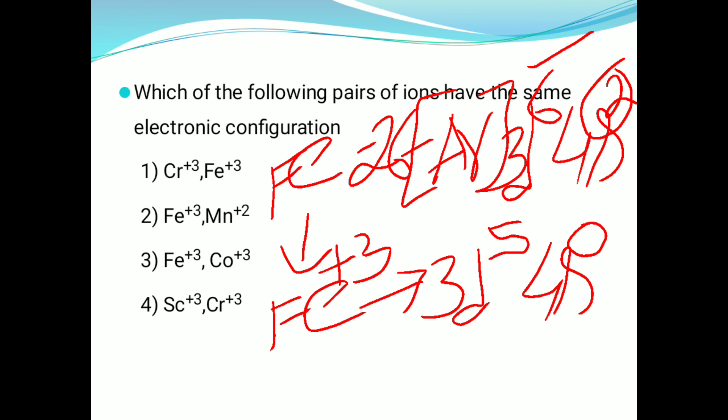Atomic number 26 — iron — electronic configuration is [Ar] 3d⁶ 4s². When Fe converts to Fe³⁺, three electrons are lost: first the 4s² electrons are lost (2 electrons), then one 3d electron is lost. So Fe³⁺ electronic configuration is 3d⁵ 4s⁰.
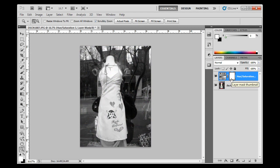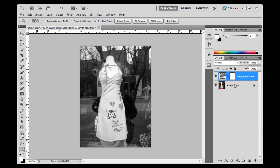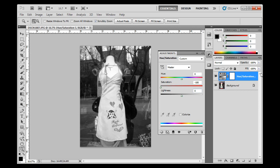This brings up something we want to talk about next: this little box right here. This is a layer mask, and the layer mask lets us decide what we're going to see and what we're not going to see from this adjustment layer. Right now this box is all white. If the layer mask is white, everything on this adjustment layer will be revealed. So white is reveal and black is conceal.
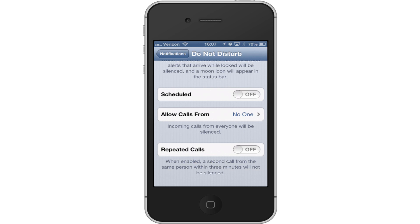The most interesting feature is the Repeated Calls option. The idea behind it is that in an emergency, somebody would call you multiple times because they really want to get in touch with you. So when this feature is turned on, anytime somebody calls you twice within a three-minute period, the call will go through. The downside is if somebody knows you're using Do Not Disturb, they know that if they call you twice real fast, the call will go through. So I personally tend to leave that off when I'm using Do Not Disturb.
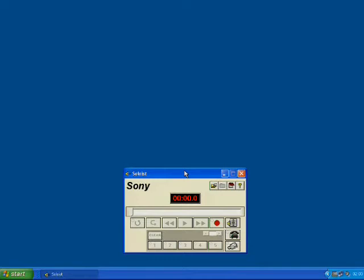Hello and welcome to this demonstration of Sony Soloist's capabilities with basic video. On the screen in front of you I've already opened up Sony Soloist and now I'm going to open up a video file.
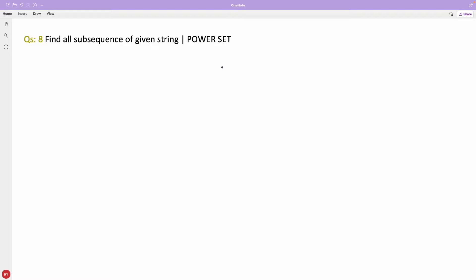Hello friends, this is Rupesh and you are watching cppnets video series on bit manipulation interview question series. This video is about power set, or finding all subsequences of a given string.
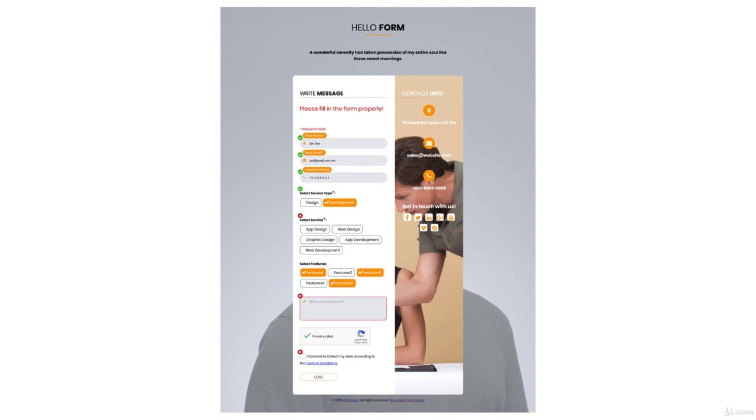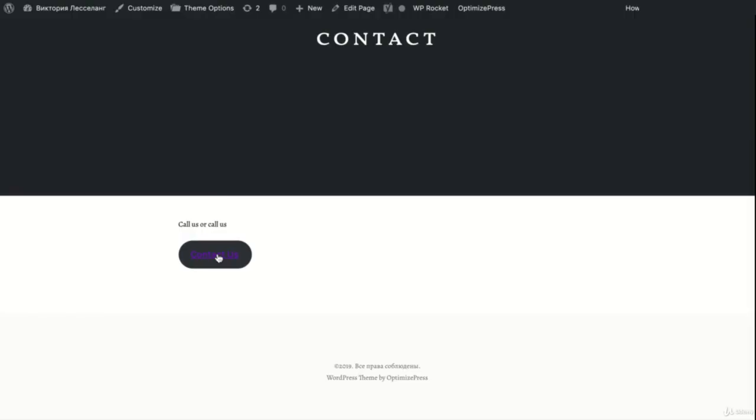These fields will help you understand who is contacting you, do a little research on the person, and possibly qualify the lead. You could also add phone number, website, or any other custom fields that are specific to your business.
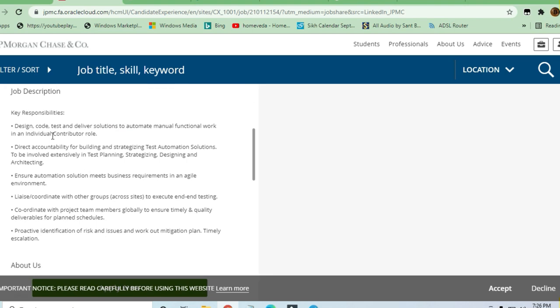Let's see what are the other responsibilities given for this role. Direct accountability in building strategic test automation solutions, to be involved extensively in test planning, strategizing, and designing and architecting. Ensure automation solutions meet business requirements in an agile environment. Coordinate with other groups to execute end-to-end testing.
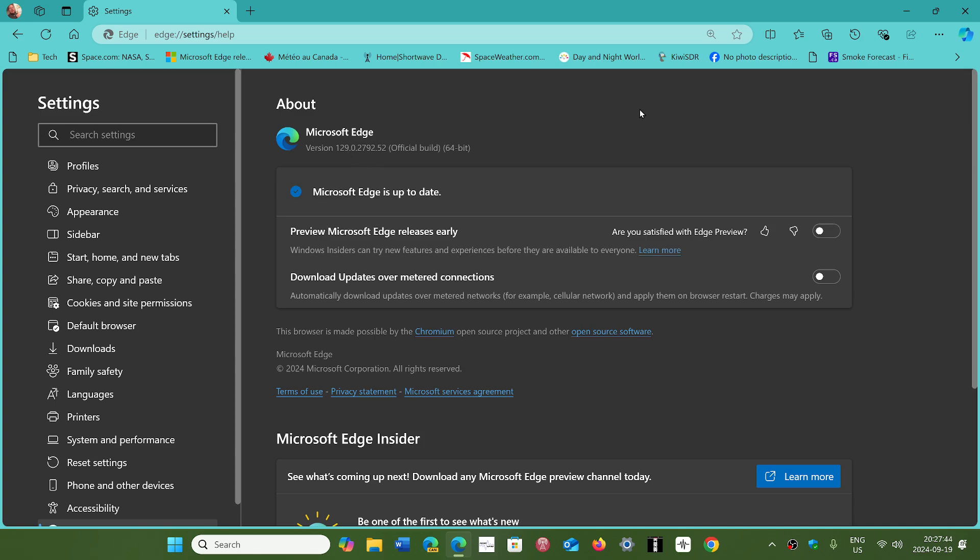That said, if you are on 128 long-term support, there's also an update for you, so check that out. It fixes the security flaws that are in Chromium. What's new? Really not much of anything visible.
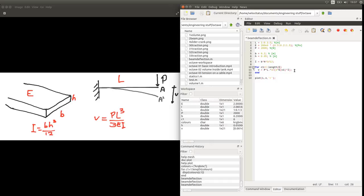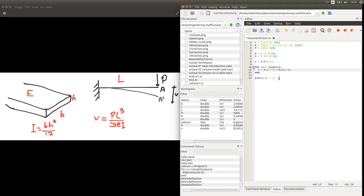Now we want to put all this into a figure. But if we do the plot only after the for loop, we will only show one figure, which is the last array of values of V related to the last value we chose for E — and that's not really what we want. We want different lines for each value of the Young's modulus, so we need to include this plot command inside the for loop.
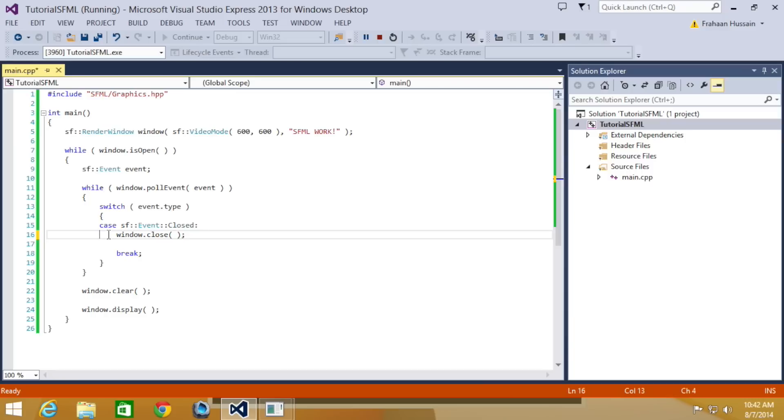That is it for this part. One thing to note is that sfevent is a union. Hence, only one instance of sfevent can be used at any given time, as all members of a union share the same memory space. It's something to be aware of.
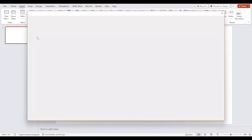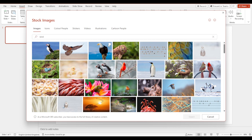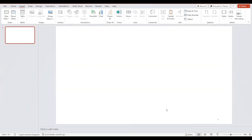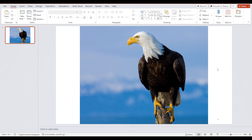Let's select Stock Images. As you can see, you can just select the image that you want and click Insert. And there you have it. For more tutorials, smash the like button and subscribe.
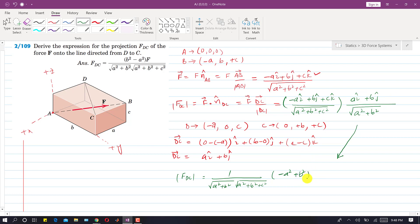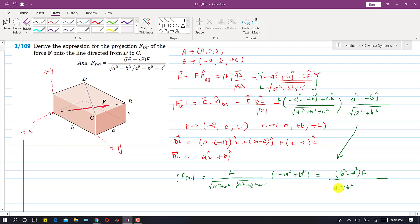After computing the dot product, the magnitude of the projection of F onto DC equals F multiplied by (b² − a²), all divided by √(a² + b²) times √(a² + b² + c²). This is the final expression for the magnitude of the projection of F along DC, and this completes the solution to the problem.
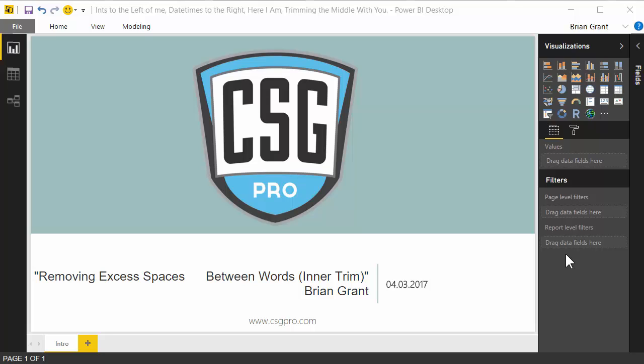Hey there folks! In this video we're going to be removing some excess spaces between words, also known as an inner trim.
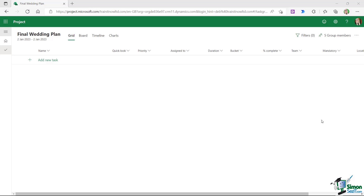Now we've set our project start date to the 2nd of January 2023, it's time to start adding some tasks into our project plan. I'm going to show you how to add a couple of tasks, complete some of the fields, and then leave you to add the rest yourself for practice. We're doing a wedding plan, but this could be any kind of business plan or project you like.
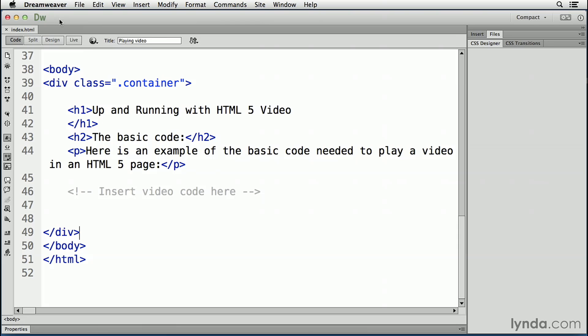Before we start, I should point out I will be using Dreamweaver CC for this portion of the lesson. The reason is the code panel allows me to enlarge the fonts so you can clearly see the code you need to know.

**To do:**
Give back, exactly and without pictures, the stretch of the records above from the line containing "Hello friends, this" through the line containing "Let's see what", with both end lines included.

**Written solution:**
Hello friends, this is Rupesh and you are watching cppnets video series on bit manipulation interview question series. This video is about power set, or finding all subsequences of a given string.
These fields will help you understand who is contacting you, do a little research on the person, and possibly qualify the lead. You could also add phone number, website, or any other custom fields that are specific to your business.
Let's see what are the other responsibilities given for this role. Direct accountability in building strategic test automation solutions, to be involved extensively in test planning, strategizing, and designing and architecting. Ensure automation solutions meet business requirements in an agile environment. Coordinate with other groups to execute end-to-end testing.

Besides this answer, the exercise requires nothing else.